Some people cannot understand or figure out that their ability and willingness to aide does not give them the right to dominate and control another, who is the recipient of the desired aide in question. To offer support, material and other, does not implicitly, and most definitely not explicitly, grant one the right or perceived obligation to control the lives situations and circumstances of the one receiving the desired support. The knowledge and ability of the one rendering aide is not a “carte blanche” permission to manage the one in need. Any knowledge is limited in its scope, and incomplete to understand the full nature of another’s personal situation. There are innumerable gaps which though presumed understood are in actuality misconceived and potentially destructive as they may be misinterpreted and/or ignored by the managing provider, in actuality a state of ignorance.
The responsibility and the right to determine the course and content of one’s life is that of the individual whose life’s situations are in question and not that of any “so-called” benefactor.

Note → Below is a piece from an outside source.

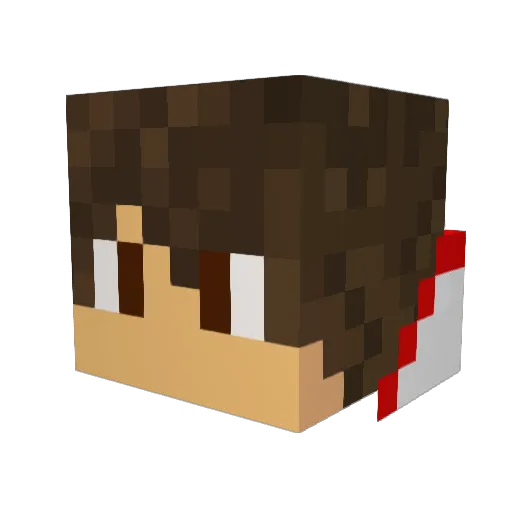 cf777 Minecraft avatar head, 3D render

This is an area where I have found, through a rather broad range of experience, that there are significant differences in the attitude amongst religious groups. Not so much denominationally defined as they are regionally. Religious adherents in the northern areas of the United States tend to be more domineering and offer assistance “with strings attached”. In the south, there seems to be a general understanding and willingness to give what is needed as is necessary and observable … without strings and in consideration of the individual’s inherent personhood.
As a general rule, this is an area the “Christian” Church falls well short of. Aide may be offered, but seldom without a minimal expectation to assume a controlling influence over the recipient of the charity. The “Church” or possibly better stated “the mindset of the charity providers” fails to understand the ultimate “spiritual” work they would wish to see accomplished in the life of the one in need. There is a failure to learn from history and human psychology that “Spiritual” changes of a positive nature cannot be dictated from the outside, no matter how well intentioned they may be. Spiritual work and change is an individual process and is unique to every person in question. There are no hard fast rules of how it is done, or what may be expected. By force of will, or resource, alienation of persons so affected is the inevitable result. Spiritual effects, like the wind, cannot be controlled by one’s desires, but happen where they will, as may be thought a product of the divine influence. Religious creed, doctrine and dogma and the parties motivated therewith, regardless of emotional attachment to either “faith” or persons in need, have no understanding, except as is experienced in actual confrontation with the divine in their own life.